Agora só falta que os indianos se habituem a este tipo de interação no Whatsapp e os outros fornecedores indianos se juntem ao ecossistema. Será que tem também pernas para andar nas outras geografias, a começar pela nossa?
Pois bem, não vai ser fácil enquanto a questão dos pagamentos estiver compartimentada como está no mundo ocidental. E até na Índia o crescimento vai estar limitado, senão vejamos.
O número de utilizadores atuais do Whatsapp na Índia ronda os 400 milhões, o que não é nada mau. Porém, o número de utilizadores com a sua conta bancária no Whatsapp não passa para já dos 20 milhões. Entretanto, a NPCI (National Payments Corporation of India) deu autorização para que Whatsapp possa registar mais de 60 milhões de contas bancárias, no número total que provavelmente poderá vir a chegar aos 100 milhões, o que não deixa de ser um número incrível. Porém, este número não representa sequer 10% da população. Aliás, um aluno meu da NPCI garantiu-me que o regulador nunca deixará nenhum fornecedor de pagamentos superar os 17% de quota de mercado, pois é essa a firme orientação política. Assim, por muito que o Whatsapp tenha conseguido criar efeitos de rede através dos pagamentos entre consumidores, não vai conseguir escalar essa mesma rede de pagamentos na Índia por falta de licença por parte dos reguladores. Não obstante, o número de utilizadores na Índia já será significativo para rentabilizar as suas operações e não deixa de ser um interessante teste escala.

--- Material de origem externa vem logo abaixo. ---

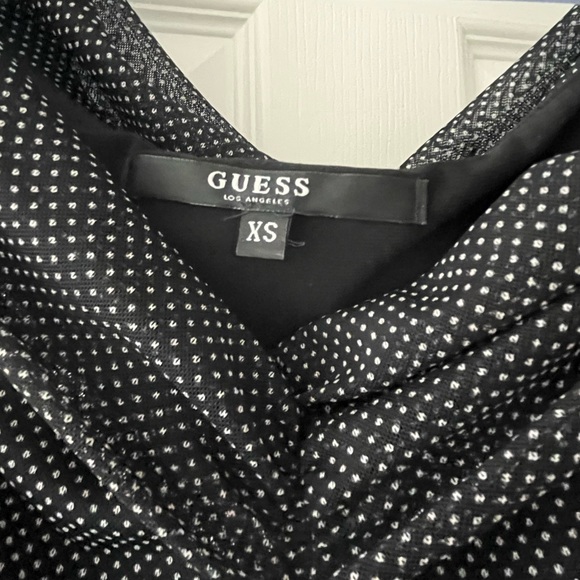 Guess Off The Shoulder Black Dress with White Polka Dots |Color: Black |Size: XS - Picture 4 of 5
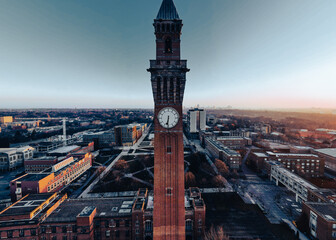 Gothic Victorian Clock Tower at sunrise 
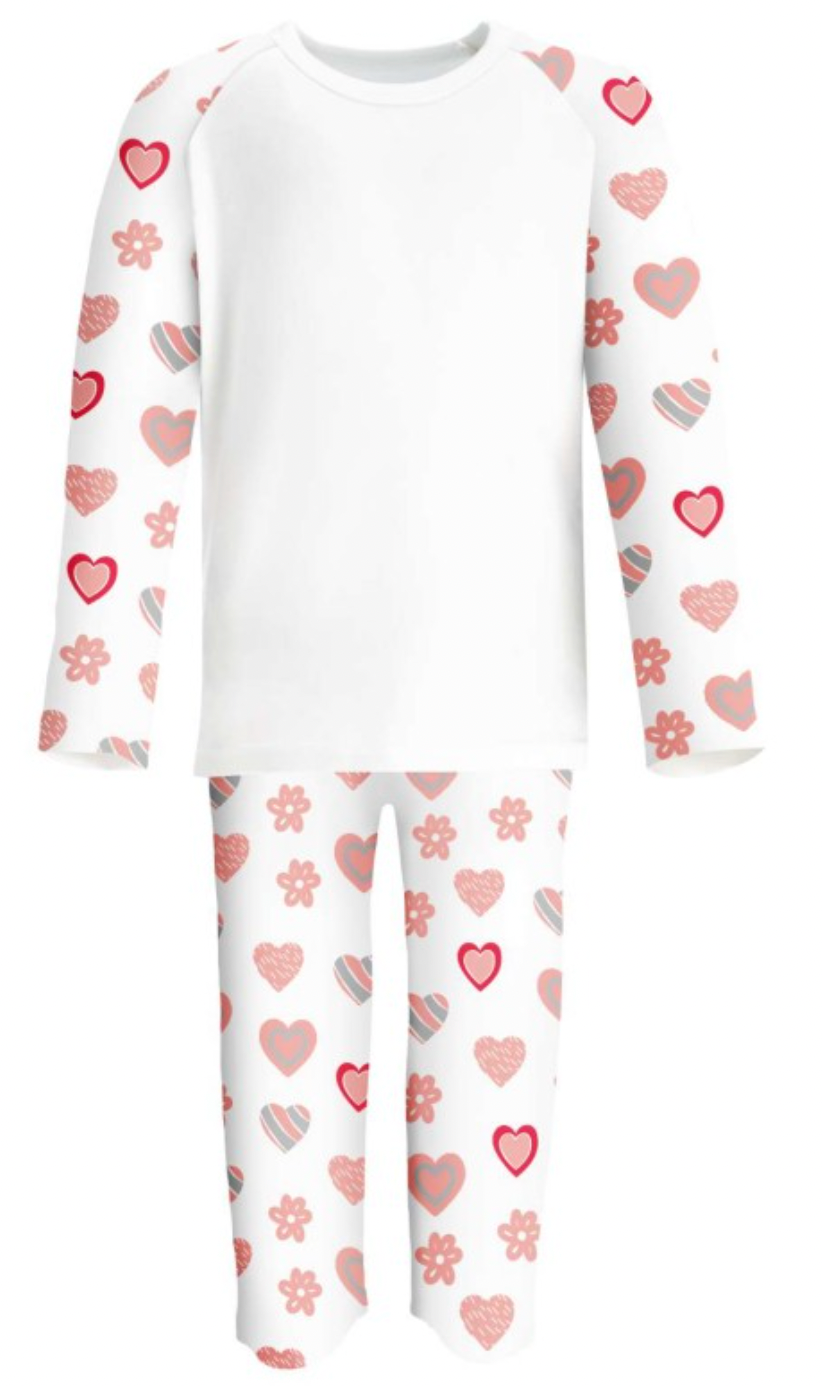 Embroidered Heart Print Pjs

Será que a nossa regulação no espaço SEPA vai permitir a um qualquer Whatsapp da vida substituir todos os fornecedores de pagamentos eletrónicos de uma assentada? A julgar pelo PSD2 e pela estratégia anunciada pelo Banco Central Europeu há menos de um ano no contexto Euro Retail Payments Board, não parece ser esse o caminho do sistema financeiro no espaço SEPA. Consequentemente, por cá, o caminho da Super App parece estar vedado ao senhor Metaverso.